A música brasileira dos anos 60 e 70 não viveu apenas da Jovem Guarda e do
Tropicalismo. Os Festivais da TV Record também empolgaram as plateias e abriram
espaço para artistas como Chico Buarque de Holanda, Elis Regina, Gilberto Gil, Jair
Rodrigues, Edu Lobo, Carlos Lira, Caetano Veloso e muitos outros.

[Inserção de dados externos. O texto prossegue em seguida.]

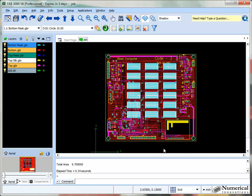The purpose of this tutorial is to demonstrate how to calculate the copper area, or basically the area of any item within the FAB3000 software tool.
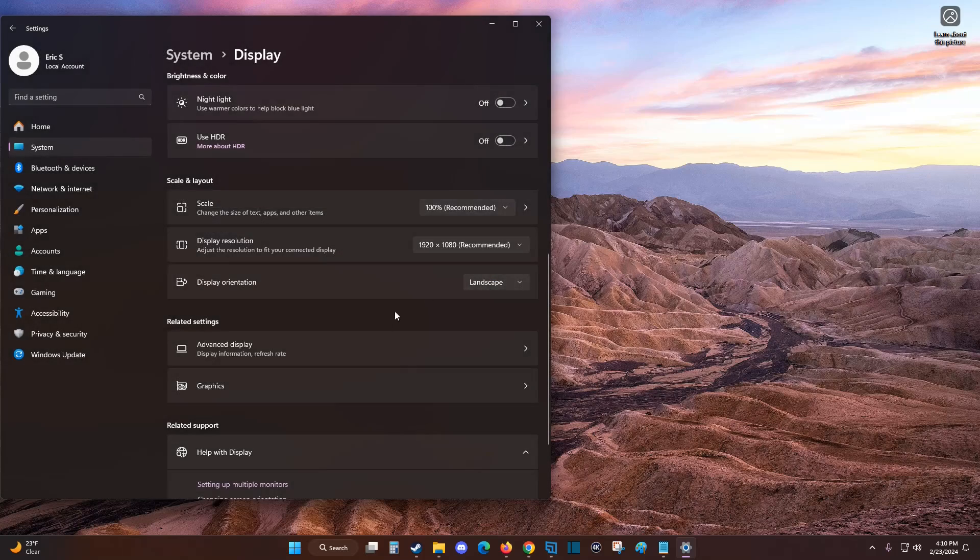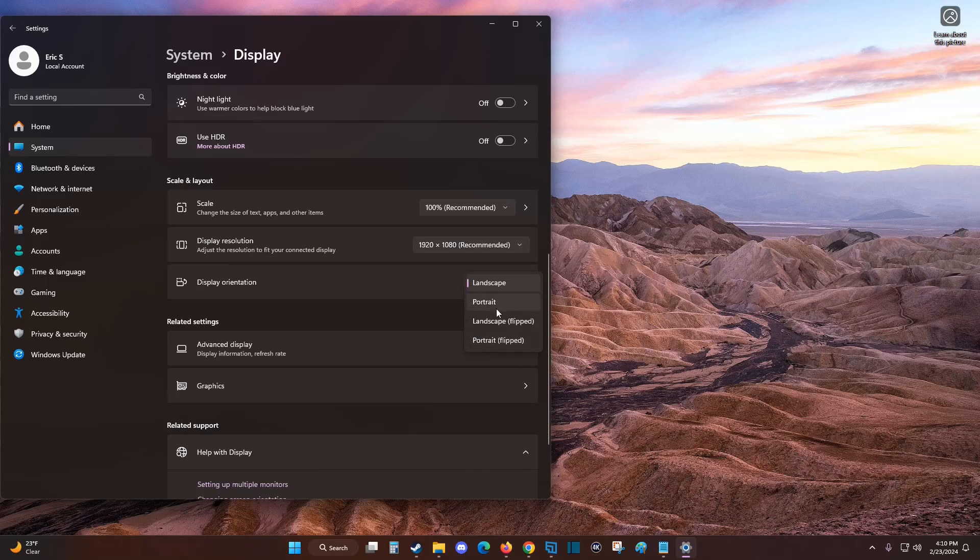If I click revert, it switches back to where I came from. You can test out the different display orientations until you find what you like, and then keep those changes.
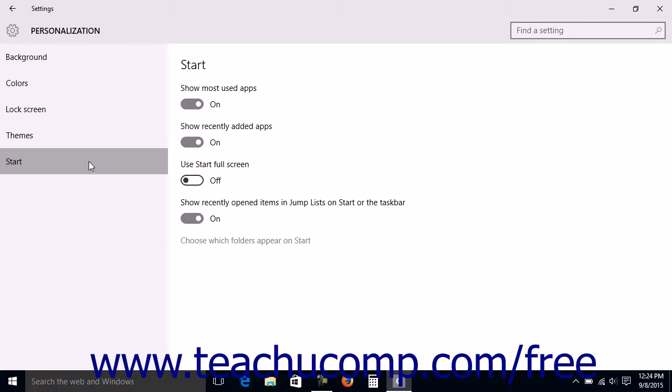To enable the Full Start Screen, click the Use Start Full Screen option to set the option to the On position.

Outro espaço
importante para a música brasileira foi o programa O Fino da Bossa, apresentado também
na TV Record e que mostrava o melhor do samba e da Bossa Nova.
Concluindo: “Em meio ao período da ditadura militar, em que imperava a censura
aos meios de comunicação de massa e a repressão aos opositores do regime, o contexto
histórico, artístico e cultural é bastante rico e criativo com o aparecimento de diversas
manifestações.(...) Poucas décadas foram tão criativas – e ao mesmo tempo tão marcadas
pela repressão – como a década de 1960. Em todo o planeta, os jovens protestaram contra
um mundo burocratizado e vazio de conteúdo. E, valendo-se das mais diferentes formas de
manifestação, procuraram recriar outros laços sociais, outras razões para ficarem juntos e
outros signos (sinais) de reconhecimento”.(Myriam Becho & Patrícia R. Braick. História
das cavernas ao Terceiro Milênio. Ed. Moderna.)